In arguing grounds (a), (d) and (c) together in the statement of the appellant’s case, learned counsel for the appellant, with due respect, had little to quarrel about.  No attempt was made to demonstrate which aspect of the appellant’s case was not considered which led the learned Judges to tilt the scales of justice against the appellant.  The statement of case is indeed bereft of any serious attacks on both the two lower courts evaluation of the admissible evidence on record including of course the numerous exhibits tendered by both parties.  It was the duty of counsel for the appellant to demonstrate where the court below failed to consider the case of the appellant and thus denying him justice.  This he could have done by drawing this court’s attention to pieces of evidence which was led but ignored to the detriment of the appellant.

 

 

Learned counsel found it very difficult in persuading this court both on the facts and on the law.  Under such circumstances counsel can in appropriate cases throw in the towel.  In BEACHAMP (EARL) V MANDRESFIELD [1872] LR 8 CP 245.  Bret J said at page 245 as follows:

“I quite agree that it is the duty of counsel to assist the court by referring to authorities which he knows to be against him.  But I cannot help thinking that, when the counsel has satisfied himself that he has no argument to offer in support of his case, it is his duty at once to say so, and to withdraw altogether.  The counsel is master of the argument and of his case in court, and should at once retire if he finds it wholly unsuitable, unless indeed he has express instructions to the contrary” [emphasis mine]

The first ground of appeal argued is accordingly dismissed as unmeritorious.
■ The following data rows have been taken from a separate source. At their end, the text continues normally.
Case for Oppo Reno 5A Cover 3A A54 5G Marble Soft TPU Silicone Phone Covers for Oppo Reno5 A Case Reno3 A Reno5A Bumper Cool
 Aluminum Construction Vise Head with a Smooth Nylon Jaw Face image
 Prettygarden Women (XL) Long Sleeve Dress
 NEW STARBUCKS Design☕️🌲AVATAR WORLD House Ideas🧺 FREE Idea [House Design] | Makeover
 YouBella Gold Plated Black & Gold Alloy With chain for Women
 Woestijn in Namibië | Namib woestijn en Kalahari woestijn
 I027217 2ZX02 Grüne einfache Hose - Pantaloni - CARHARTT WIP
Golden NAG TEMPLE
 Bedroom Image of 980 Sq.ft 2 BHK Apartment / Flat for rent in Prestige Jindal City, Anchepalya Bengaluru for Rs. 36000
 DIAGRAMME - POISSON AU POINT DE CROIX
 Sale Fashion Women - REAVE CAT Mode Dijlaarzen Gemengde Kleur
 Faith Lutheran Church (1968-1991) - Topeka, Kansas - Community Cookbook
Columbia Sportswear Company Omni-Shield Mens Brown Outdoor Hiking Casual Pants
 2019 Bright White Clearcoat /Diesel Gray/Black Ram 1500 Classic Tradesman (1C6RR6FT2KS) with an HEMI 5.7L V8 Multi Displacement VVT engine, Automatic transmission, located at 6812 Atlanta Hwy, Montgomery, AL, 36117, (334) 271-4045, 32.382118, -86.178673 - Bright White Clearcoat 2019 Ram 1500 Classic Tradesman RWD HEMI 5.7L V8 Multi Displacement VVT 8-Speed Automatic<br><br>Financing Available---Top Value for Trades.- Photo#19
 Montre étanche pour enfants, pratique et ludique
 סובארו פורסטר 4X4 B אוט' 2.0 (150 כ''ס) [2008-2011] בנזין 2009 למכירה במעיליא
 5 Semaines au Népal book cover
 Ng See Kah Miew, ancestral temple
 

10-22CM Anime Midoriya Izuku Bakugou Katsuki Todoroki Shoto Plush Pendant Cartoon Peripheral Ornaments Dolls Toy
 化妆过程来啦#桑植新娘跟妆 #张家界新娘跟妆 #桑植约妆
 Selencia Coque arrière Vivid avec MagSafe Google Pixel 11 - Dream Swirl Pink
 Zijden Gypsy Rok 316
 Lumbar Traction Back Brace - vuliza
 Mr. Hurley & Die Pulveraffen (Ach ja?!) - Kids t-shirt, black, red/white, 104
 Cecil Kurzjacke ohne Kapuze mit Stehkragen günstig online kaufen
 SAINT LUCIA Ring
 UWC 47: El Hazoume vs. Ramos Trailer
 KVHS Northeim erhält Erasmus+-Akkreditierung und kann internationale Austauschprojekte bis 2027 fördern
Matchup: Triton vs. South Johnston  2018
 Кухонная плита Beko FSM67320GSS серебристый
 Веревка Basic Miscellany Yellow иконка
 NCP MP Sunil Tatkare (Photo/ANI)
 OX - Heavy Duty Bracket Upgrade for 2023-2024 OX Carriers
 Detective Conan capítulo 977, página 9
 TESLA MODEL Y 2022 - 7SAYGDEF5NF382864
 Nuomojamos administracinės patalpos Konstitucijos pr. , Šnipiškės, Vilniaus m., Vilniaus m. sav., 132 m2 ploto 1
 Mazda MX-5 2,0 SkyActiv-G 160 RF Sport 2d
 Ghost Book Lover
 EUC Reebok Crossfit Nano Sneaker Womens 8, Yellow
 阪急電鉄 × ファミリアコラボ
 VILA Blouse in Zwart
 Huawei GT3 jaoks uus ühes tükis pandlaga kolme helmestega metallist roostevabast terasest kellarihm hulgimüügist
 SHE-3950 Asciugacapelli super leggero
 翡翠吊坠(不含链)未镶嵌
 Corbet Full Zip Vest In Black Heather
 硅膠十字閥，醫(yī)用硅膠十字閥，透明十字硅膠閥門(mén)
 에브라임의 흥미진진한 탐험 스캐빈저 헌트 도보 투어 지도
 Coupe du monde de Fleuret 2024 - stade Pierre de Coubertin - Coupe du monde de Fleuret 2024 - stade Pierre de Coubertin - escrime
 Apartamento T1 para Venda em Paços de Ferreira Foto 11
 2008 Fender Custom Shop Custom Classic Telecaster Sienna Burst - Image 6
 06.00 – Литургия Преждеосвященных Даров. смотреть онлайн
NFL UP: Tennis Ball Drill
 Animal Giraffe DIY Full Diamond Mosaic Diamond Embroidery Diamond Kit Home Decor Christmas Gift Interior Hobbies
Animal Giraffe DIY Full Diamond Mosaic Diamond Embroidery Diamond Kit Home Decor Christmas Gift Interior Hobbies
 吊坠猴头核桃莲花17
Another ground which was also not argued with any seriousness was ground (d).  From the statement of defence the respondent as defendant did not lodge any counterclaim for declaration of title.  The Court of Appeal, however, basing itself on the recent case of HANNA ASSI (No. 2 v GHIHOC REFRIDGERATION & HOUSEHOLD PRODUCTS LTD [2007-2008] SCGLR 16 decreed title in favour of the respondent.  From the record, the High Court did not make the order complained of and at the Court of Appeal the cross-appeal filed by the respondent was limited exclusively to the grant of interlocutory injunction by the trial judge which order was discharged by the Court of Appeal in allowing the cross-appeal.  In the summons for

directions filed

 on 22-2-2001 the plaintiff as the appellant herein set down some issues for determination as follows:

(iii). Whether or not the disputed land is vested in the defendant

(iv) Whether or not the plaintiff and his section of the family are mere licensees on the disputed land.

 

It is thus clear that the Court of Appeal like the trial court was called upon to decide whether the disputed land was vested in the respondent.  In any case, apart from the issues referred to above which led the Court of Appeal to make the declaration, the facts and the circumstances of the case made the application of the ratio decidendi in the HANNA ASI (No. 2) case appropriate.  The Court of Appeal is also bound by that decision by virtue of Article 129 (3) of the 1992 Constitution.  This was the reason advanced in the judgment of the Court of Appeal before it proceeded to rely on the HANNA ASI (No. 2) case:

“In any case, the judgment of the Circuit Court, Cape Coast dated 3rd March, 2003, tendered in evidence as Exhibit “18” acknowledged the defendant as the Ebusuapanin of Edu Abekwa royal family of Edukrom.  The same judgment was affirmed by the Court of Appeal in Civil Appeal No. H1/66/2005 when the plaintiff’s predecessor (Okyeame Kwesi Adoko and another) appeal was dismissed by the Court of Appeal on 17 February, 2006.

 

Besides, there has been numerous judgments by the Abura Traditional Council, Abukrampa, the Regional House of Chiefs, Cape Coast and the High Court, Cape Coast as Exhibits “1”, “2”, “3”, and “4” respectively, all recognizing the defendant and Edu Abekwa royal Adwenadzi family of Edukrom as owners and custodian of Edukrom stool and its lands”

 

The circumstances of the case are such that the Court of Appeal could not have been in error in applying the HANNA ASSI (No. 2) case.

 

Another point which was raised but not argued relates to the proceedings at Abura Traditional Council in the case of OPANYIN KWESI YAA V OPANYIN KWESI BO. 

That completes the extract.